- **TASK PROMPT**
Please print, exactly, only the lines in the entries below from the line that has "Forever & Always" through the line that has "TFNC sequin kimono". Pictures don't go in.

- **EXERCISE MATERIALS**
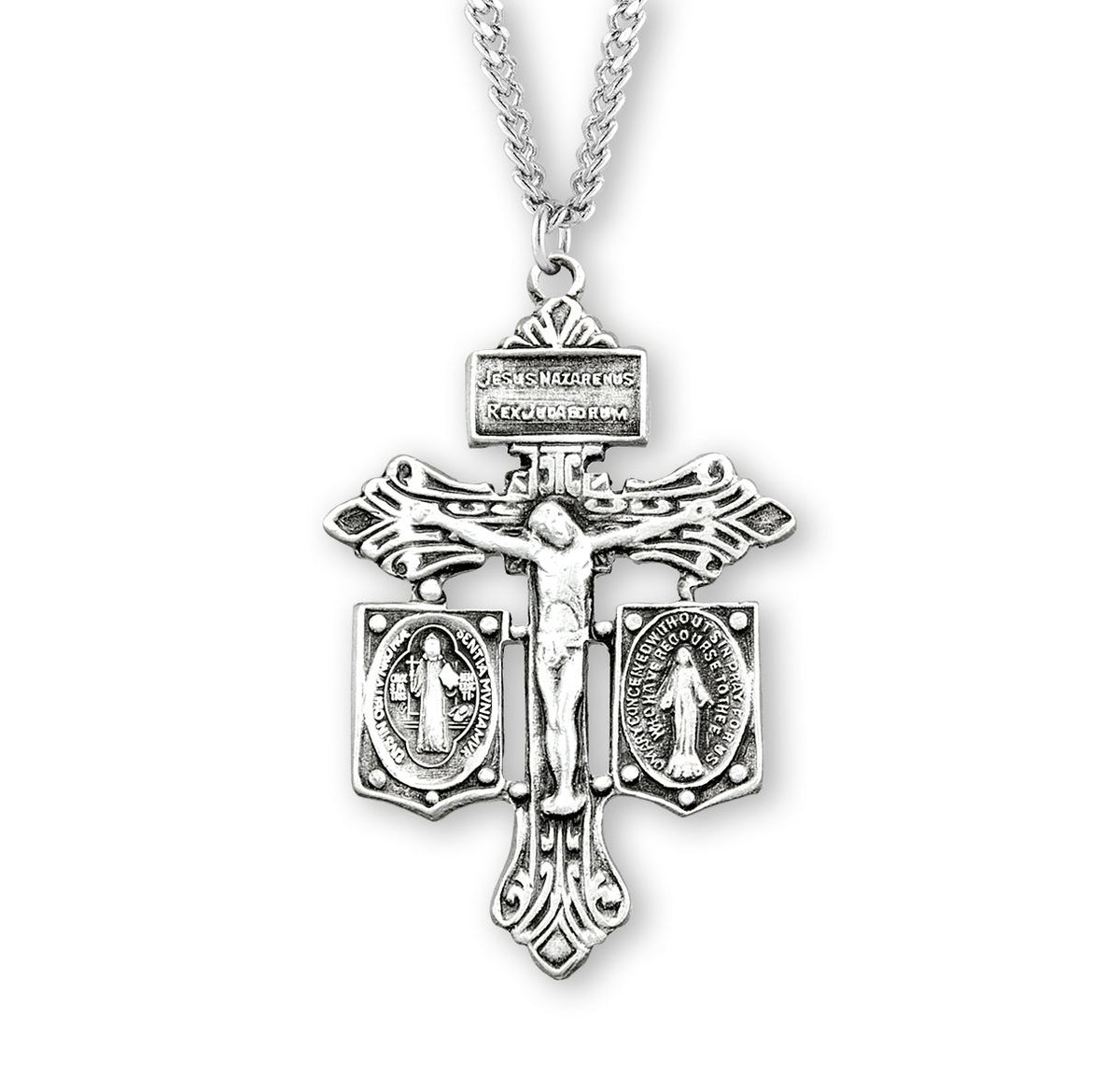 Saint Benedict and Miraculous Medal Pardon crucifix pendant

---

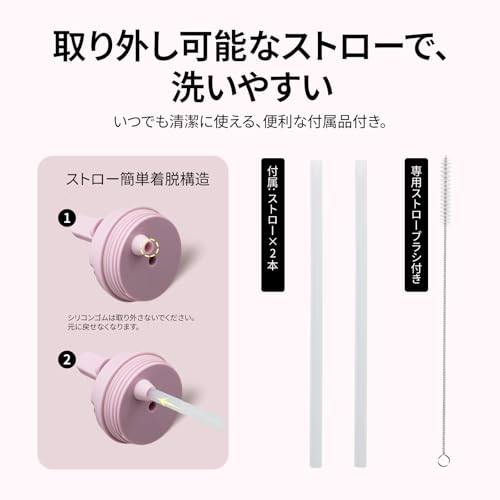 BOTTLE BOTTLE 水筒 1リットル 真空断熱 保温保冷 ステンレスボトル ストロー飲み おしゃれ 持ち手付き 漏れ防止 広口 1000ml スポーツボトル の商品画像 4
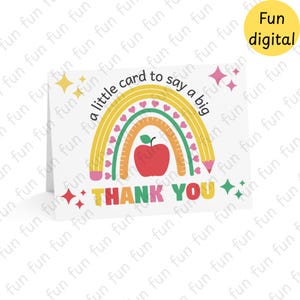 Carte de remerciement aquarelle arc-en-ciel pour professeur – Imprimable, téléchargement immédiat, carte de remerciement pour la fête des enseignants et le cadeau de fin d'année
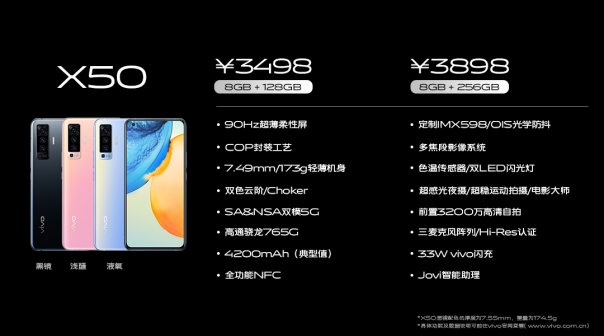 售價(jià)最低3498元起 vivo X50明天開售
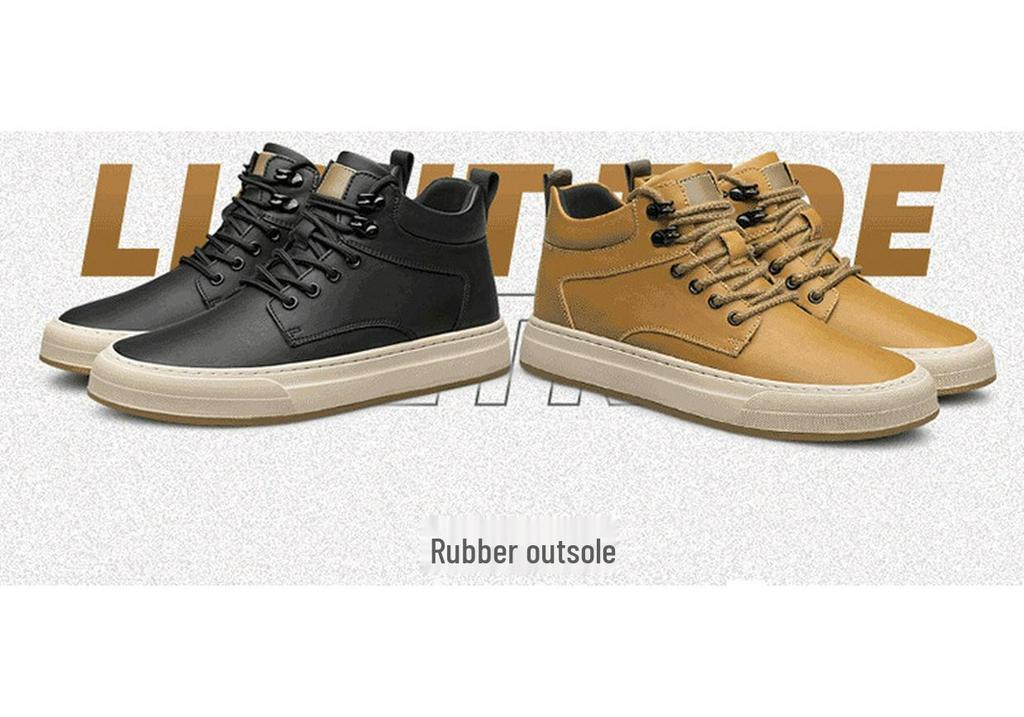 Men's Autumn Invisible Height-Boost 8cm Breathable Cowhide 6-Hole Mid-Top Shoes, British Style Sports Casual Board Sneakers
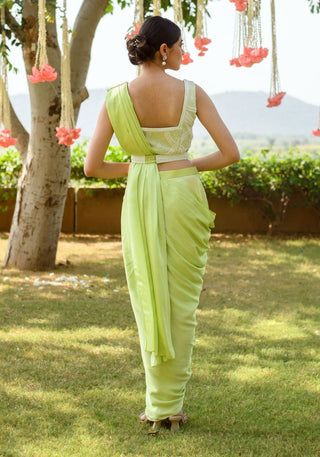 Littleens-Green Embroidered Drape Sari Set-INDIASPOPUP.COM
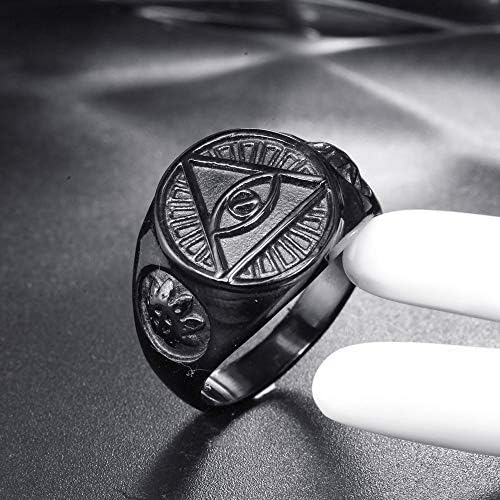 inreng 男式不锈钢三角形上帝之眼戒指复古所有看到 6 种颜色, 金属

--

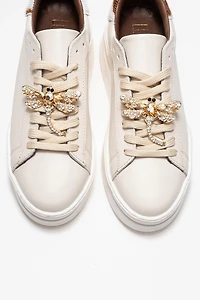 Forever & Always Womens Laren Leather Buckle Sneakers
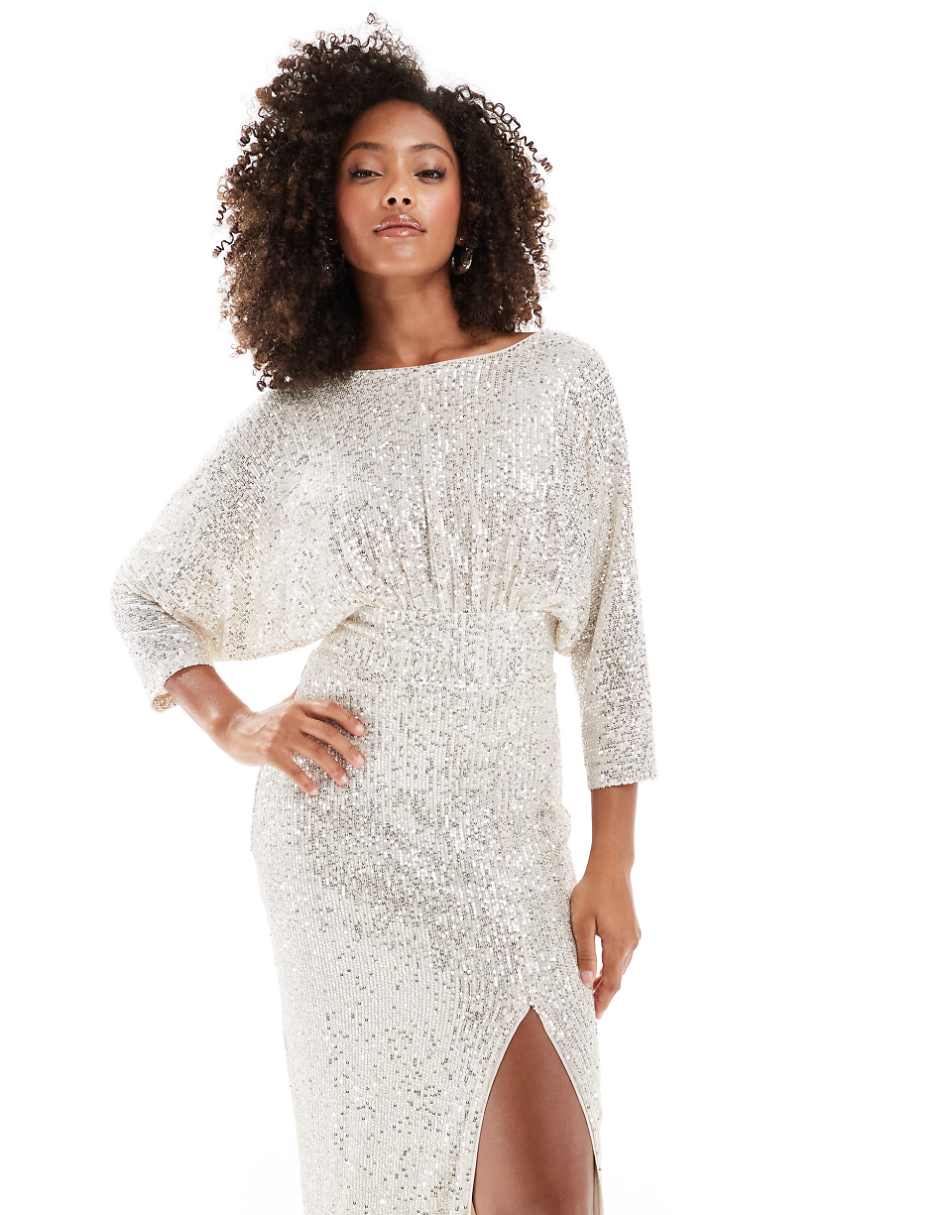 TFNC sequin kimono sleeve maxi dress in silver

- **RESULT**
 Forever & Always Womens Laren Leather Buckle Sneakers
 TFNC sequin kimono sleeve maxi dress in silver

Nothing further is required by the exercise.